*** Opening of Given information ***

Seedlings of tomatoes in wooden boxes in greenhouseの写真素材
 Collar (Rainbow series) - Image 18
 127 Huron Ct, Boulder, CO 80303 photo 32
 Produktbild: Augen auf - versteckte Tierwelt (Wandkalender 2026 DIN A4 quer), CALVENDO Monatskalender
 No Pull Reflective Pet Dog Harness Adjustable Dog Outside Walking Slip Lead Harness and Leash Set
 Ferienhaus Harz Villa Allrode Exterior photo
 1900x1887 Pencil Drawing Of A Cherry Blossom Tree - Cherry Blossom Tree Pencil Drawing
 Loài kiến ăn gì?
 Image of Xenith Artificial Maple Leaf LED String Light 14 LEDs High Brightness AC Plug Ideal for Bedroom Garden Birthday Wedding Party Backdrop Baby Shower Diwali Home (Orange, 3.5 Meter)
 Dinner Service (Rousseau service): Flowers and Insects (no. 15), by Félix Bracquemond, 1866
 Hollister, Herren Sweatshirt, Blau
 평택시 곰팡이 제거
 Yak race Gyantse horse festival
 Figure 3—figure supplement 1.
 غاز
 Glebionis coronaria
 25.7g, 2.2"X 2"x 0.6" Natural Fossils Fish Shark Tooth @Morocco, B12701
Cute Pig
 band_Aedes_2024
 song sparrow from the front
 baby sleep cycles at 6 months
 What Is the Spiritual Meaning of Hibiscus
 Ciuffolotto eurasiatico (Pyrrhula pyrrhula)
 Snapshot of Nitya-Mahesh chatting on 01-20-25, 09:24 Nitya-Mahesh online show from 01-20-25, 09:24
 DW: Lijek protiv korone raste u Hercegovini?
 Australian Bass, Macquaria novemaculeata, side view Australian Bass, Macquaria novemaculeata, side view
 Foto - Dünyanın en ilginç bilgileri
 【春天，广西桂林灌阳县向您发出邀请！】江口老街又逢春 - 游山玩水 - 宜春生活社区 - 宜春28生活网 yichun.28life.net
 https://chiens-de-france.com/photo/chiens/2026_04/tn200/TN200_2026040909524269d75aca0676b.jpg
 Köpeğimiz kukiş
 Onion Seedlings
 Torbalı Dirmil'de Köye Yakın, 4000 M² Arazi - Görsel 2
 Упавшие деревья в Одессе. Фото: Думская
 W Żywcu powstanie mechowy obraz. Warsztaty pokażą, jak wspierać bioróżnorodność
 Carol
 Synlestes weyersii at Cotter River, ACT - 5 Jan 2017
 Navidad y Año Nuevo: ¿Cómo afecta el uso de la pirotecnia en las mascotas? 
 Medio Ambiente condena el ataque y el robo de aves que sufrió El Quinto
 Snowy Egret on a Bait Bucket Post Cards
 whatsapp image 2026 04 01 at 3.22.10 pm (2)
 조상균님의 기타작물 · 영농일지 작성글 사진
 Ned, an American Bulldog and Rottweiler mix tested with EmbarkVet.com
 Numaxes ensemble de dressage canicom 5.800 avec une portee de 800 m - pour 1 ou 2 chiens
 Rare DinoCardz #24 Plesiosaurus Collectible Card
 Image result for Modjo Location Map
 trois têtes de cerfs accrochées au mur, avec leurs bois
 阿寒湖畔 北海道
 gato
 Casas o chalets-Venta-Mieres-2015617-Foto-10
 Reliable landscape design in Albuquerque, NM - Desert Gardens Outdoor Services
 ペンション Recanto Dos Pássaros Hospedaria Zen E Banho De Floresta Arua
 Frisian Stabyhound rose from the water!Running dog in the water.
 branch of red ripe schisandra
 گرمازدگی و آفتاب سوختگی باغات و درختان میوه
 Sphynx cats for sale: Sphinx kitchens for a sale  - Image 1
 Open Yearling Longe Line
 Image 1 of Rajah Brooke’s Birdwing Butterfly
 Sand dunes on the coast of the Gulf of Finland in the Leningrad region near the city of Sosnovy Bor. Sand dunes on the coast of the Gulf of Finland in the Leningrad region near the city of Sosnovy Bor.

*** Close of Given information ***

**The problem**
Extract from the records above the lines from the one containing "Navidad y Año" to the one containing "Image result for Modjo Location Map", both lines included, exactly as they appear and with nothing else.

**Result of the exercise**
 Navidad y Año Nuevo: ¿Cómo afecta el uso de la pirotecnia en las mascotas? 
 Medio Ambiente condena el ataque y el robo de aves que sufrió El Quinto
 Snowy Egret on a Bait Bucket Post Cards
 whatsapp image 2026 04 01 at 3.22.10 pm (2)
 조상균님의 기타작물 · 영농일지 작성글 사진
 Ned, an American Bulldog and Rottweiler mix tested with EmbarkVet.com
 Numaxes ensemble de dressage canicom 5.800 avec une portee de 800 m - pour 1 ou 2 chiens
 Rare DinoCardz #24 Plesiosaurus Collectible Card
 Image result for Modjo Location Map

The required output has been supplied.